As part of the early training, T.J. said, the young colts are sorted, then sent down the alley to get ready for the chute, and the process is repeated time after time.

“At about age 4, we do what we call 'dummy' rider bucking,” T.J. said. “We put a 10-pound box on them and the box has a flank rope. We use a remote control where we can release the flank rope and the box will fall off. We film the rides so we can see exactly how a horse is performing and we get an idea if they’re any good.”

Producing rodeo stock is an obvious expensive venture, with T.J. noting that most bucking horses don’t appear at a pro rodeo until they are about 4 to 6 years old.

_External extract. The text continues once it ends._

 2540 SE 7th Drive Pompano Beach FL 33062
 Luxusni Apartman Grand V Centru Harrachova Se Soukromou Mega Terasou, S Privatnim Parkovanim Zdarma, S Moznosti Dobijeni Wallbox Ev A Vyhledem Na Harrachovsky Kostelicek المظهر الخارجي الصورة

“You might get 15 to 40 good ones out of all those over a period of that four to six years,” T.J. said. “You can have a brother and a sister, or two brothers or two sisters, and they are not always the same. We usually start a horse in bareback as the rider is more free to spur the horse in the ride. A saddle bronc needs more time and you just have to assess their style.”

T.J. said a horse that moves from being a bareback to a saddle bronc is one that is usually up in the air, drops their head and flips their rump up high and TKOs the rider.

“If they’re a bit too out of control as a bareback, we’ll switch them over to saddle,” T.J. said.